From patrick.sanan at gmail.com  Sat Jul 23 13:16:14 2016
From: patrick.sanan at gmail.com (Patrick Sanan)
Date: Sat, 23 Jul 2016 14:16:14 -0400
Subject: [petsc-users] [RFC] Docs: TeX -> HTML
In-Reply-To: <CAKE6T0R+RFoQ81aR+6ogL8RcXfjZ32bKtmBNigS3izpJSo4yJQ@mail.gmail.com>
References: <CAKE6T0R+RFoQ81aR+6ogL8RcXfjZ32bKtmBNigS3izpJSo4yJQ@mail.gmail.com>
Message-ID: <CA+z91Tc4KqAF47SC-J4GBKohiwkrDp70KBzhVjCvSHwYZU5gzQ@mail.gmail.com>

I have slowly been doing some work to clean up the manual a little
bit, mainly just fixing the formatting where it needs attention, but
also updating the content where it is obviously out of date, so I'm
interested in working on resolving this.
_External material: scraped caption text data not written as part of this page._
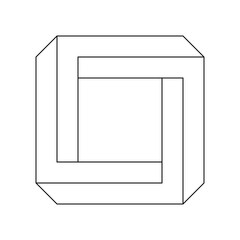 Wall Mural - impossible square. eternal figure. penrose optical illusion. outline endless square shape. abstract 
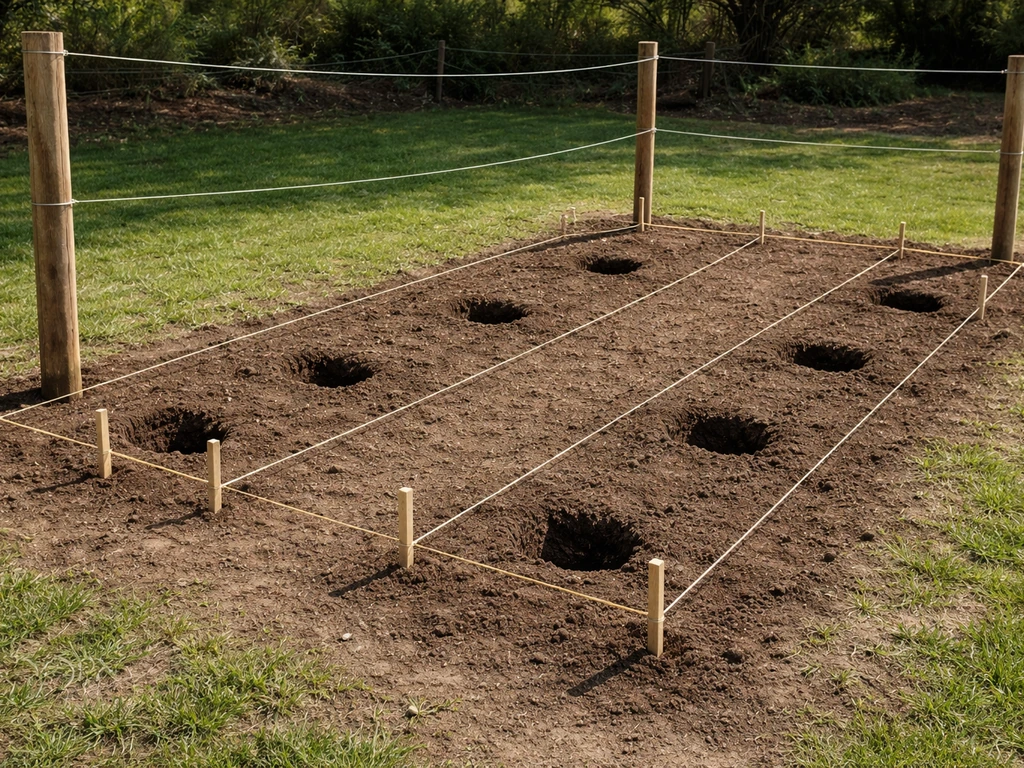 Garden trellis with stakes and measured spacing between vine plants in orderly rows.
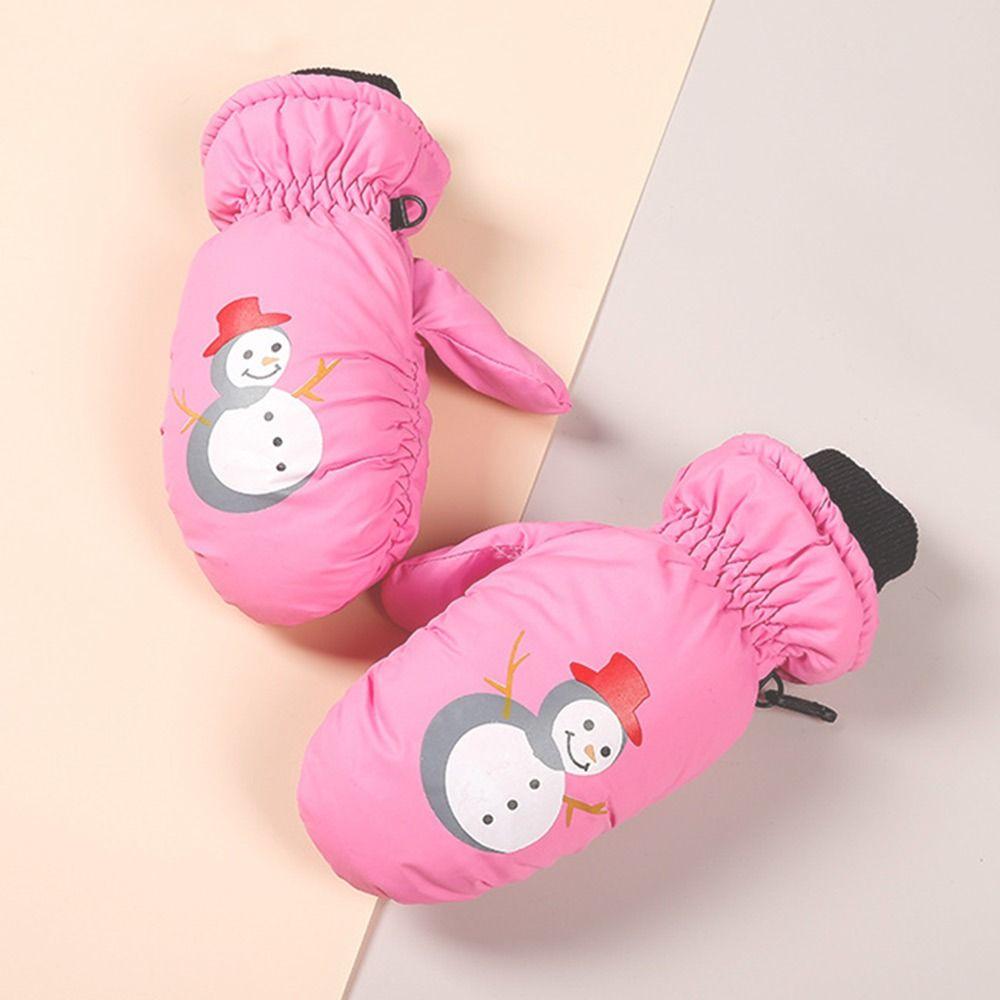 Уличные толстые теплые лыжные перчатки Нескользящие ветрозащитные водонепроницаемые варежки Зимние милые спортивные перчатки для мальчиков и девочек 2-5 лет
The latex version is of
course nice in that it can look pretty with latex tools, but the
advantage of having html documentation which is more friendly to
search engines is undeniable.

Which latex packages are giving trouble? Maybe we can figure out a way
to sufficiently reduce the dependencies.

On Sat, Jul 23, 2016 at 5:25 AM, Marco Zocca <zocca.marco at gmail.com> wrote:
> Dear all,
>
>   following the discussion at PETSc'16, I have tried to render the
> TeX-based manual into HTML with latex2html [1] and pandoc [2] .
>
> Neither attempt was successful, because of the presence of certain
> external TeX packages used for rendering various custom aspects of the
> manual.
>
> There is no 1:1 way of converting such a document. However there are a
> number of templates for rendering static websites that use LaTeX math
> and verbatim source code (e.g. readthedocs [3] for manual-type
> documents, which also supports MathJax [4] and re-renders at every
> repository push).
>
> At any rate, the conversion requires copying blocks of text and code
> to the web-based version, i.e. removing all the LaTeX markup,
> therefore effectively committing to maintaining 2 versions of the
> manual up to date and in sync with each other.
>
>
> Before committing to any approach, I would like your input on this:
>
> 1) Do you have any preference for web rendering/site hosting solution?
>
> 2) Are you OK with the idea of essentially forking the manual into PDF
> output and web output ? It is not huge work (an afternoon of tweaking
> initially and a couple minutes at every new release) but we should be
> sure about the approach in the first place.
>
> Any and all feedback is welcome;
>
> Thank you and kind regards,
> Marco
>
>
> [1] https://www.ctan.org/tex-archive/support/latex2html/
> [2] http://pandoc.org/
> [3] https://readthedocs.org/
> [4] http://mathjax.readthedocs.io/en/latest/tex.html

From bsmith at mcs.anl.gov  Sat Jul 23 13:23:07 2016
From: bsmith at mcs.anl.gov (Barry Smith)
Date: Sat, 23 Jul 2016 13:23:07 -0500
Subject: [petsc-users] [RFC] Docs: TeX -> HTML
In-Reply-To: <CAKE6T0R+RFoQ81aR+6ogL8RcXfjZ32bKtmBNigS3izpJSo4yJQ@mail.gmail.com>
References: <CAKE6T0R+RFoQ81aR+6ogL8RcXfjZ32bKtmBNigS3izpJSo4yJQ@mail.gmail.com>
Message-ID: <28E6C2EC-545C-4811-9873-02CD791D0719@mcs.anl.gov>


   Marco,

    Every rending I've seen of nontrivial latex documents to HTML looks dang ugly in HTML and is extra work to maintain (despite the poor quality). We've tried a couple of times with PETSc to keep an HTML version going and gave up both times. 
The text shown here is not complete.